**WHAT YOU HAVE TO DO:** Repeat the data exactly as it appears.

**SOURCE MATERIAL:**

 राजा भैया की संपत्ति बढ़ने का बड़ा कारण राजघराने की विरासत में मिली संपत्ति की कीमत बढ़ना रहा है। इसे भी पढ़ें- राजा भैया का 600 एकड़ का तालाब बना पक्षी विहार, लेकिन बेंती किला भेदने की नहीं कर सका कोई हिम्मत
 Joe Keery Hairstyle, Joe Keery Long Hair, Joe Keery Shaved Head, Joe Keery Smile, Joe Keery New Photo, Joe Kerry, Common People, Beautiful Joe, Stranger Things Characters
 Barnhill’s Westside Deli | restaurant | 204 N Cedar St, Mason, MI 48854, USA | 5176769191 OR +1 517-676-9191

**REPLY TO THE EXERCISE:**
 राजा भैया की संपत्ति बढ़ने का बड़ा कारण राजघराने की विरासत में मिली संपत्ति की कीमत बढ़ना रहा है। इसे भी पढ़ें- राजा भैया का 600 एकड़ का तालाब बना पक्षी विहार, लेकिन बेंती किला भेदने की नहीं कर सका कोई हिम्मत
 Joe Keery Hairstyle, Joe Keery Long Hair, Joe Keery Shaved Head, Joe Keery Smile, Joe Keery New Photo, Joe Kerry, Common People, Beautiful Joe, Stranger Things Characters
 Barnhill’s Westside Deli | restaurant | 204 N Cedar St, Mason, MI 48854, USA | 5176769191 OR +1 517-676-9191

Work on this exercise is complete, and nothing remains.